And those choices that seem so inconsequential in our youth begin to
form and shape us and ultimate the legacy we will leave. 
At
some point we decide if we are going to go to university or not, which school
we will attend, which courses we will take. 
And when we graduate we choose what company we go to work for, who we
date and then we choose who we will marry. 
And maybe you are thinking, I didn’t choose to get married, I had to get
married.  Well that probably goes back to
another choice you made.   Those are all
choices that we make, and they all affect the life we will live and the legacy
we will leave. 
And
we are free to choose to do whatever we want to do in life, but we have to
understand that all choices have consequences. 
Sometimes, good consequences, sometimes bad consequences, but
consequences never the less.   It was
French writer Albert Camus who wrote “Life is a sum of all your choices.”
And
it’s not about accepting the blame it about accepting the responsibly for your
choices, both good and bad.  Because this
is the secret, once you realize that the choices you made yesterday have shaped
today then you realize that the choices you make today will shape tomorrow.
Your
tomorrow is your legacy.  You understand
that you are only here because of a choice that someone made however long
ago.  To illustrate, one day awhile ago
my son and I were having a conversation and he said “Sometimes I wish you had
of stayed fishing with your father, because I would have grown up on a fishing
boat.”   Good thinking Steve, but then I
reminded him, “If I had of stayed fishing with your grandfather then I would
never have gone to bible college where I met your mother, and while my son
might be fishing with me today, that son wouldn’t have been you.”
And
so wise choices will lead to one legacy and less than wise choices will lead to
another legacy. 
There
is a familiar verse in the book of Numbers, some of you will know it from the
King James or Authorized version of the bible, Numbers 14:18 KJV The LORD is
longsuffering, and of great mercy, forgiving iniquity and transgression, and by
no means clearing the guilty, visiting the iniquity of the fathers upon the
children unto the third and fourth generation.
But
have you ever asked yourself, “What does it mean ‘visiting the inquity of the
fathers upon the children.’”?
For
some people the answer is found in the New International Version where it says Numbers
14:18 NIV  ‘The LORD is slow to anger, abounding in love and forgiving sin
and rebellion. Yet he does not leave the guilty unpunished; he punishes the
children for the sin of the fathers to the third and fourth generation.’   And
they see God with a big stick punishing subsequent generations for sins
committed in the past. 
Seriously,
God is going to punish me for what my Great-grandfather did?  Most days I don’t think I deserve punishment
for what I’ve done.
Now
listen to the New Living Translation,  Numbers
14:18  ‘The LORD is slow to anger and filled with unfailing love,
forgiving every kind of sin and rebellion. But he does not excuse the guilty.

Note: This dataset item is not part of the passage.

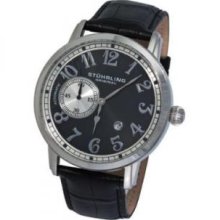 Stuhrling Original 229A.331513 Mens Lineage Classic Automatic Stainless Steel Caseandamp;#44; Black-Silver Dial on Black Leather Strap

He lays the sins of the parents upon their children; the entire family is
affected—even children in the third and fourth generations.’
Let’s
read that again ‘He lays the sins of the parents upon their children; the
entire family is affected—even children in the third and fourth generations.’  We may not be punished for the actions of our
parents and grandparents and great-grandparents, but often times we are who we
are because of choices they made. 
Where
they chose to live.  How much value they
placed on education and their views or morality.  All of those things colour our lives.  But we get to choose the colour.  Will you live the consequences of your
parent’s actions or will you learn from your parent’s actions?
Don’t
let the past become an excuse for the present, “Well I am who I am because
that’s how I was raised” or “I can’t do much because I’m from. . .” or  “That’s what my parents were like, so I guess
that’s why I’m like this.”  In the
Purpose Driven Life, Rick Warren writes  “We
are products of our past, but we don’t have to be prisoners of it.”
Regardless
of the legacy that you were left determine in your heart that you will leave a
better legacy. 
Christ
didn’t just come so we would have eternal life, he came to give us a different
life while we are here, he told his followers in  John 10:10  The thief’s purpose is to
steal and kill and destroy. My purpose is to give them a rich and satisfying
life.
The
devil wants to steal and destroy your legacy, but Christ’s plan is for you to
have a rich and satisfying life. 
Whatever your background, whatever your heritage, whatever you are
struggling with there have been people from there who have chosen to rise above
it and leave a mark and leave a legacy and so can you.  
But
here is the great thing, Eleanor Roosevelt said “I am who I am today because of
the choices I made yesterday.”  Which
means that the choices we make today will determine who we are tomorrow. 
2
Corinthians 9:8  And God will generously provide all you need. Then you
will always have everything you need and plenty left over to share with others.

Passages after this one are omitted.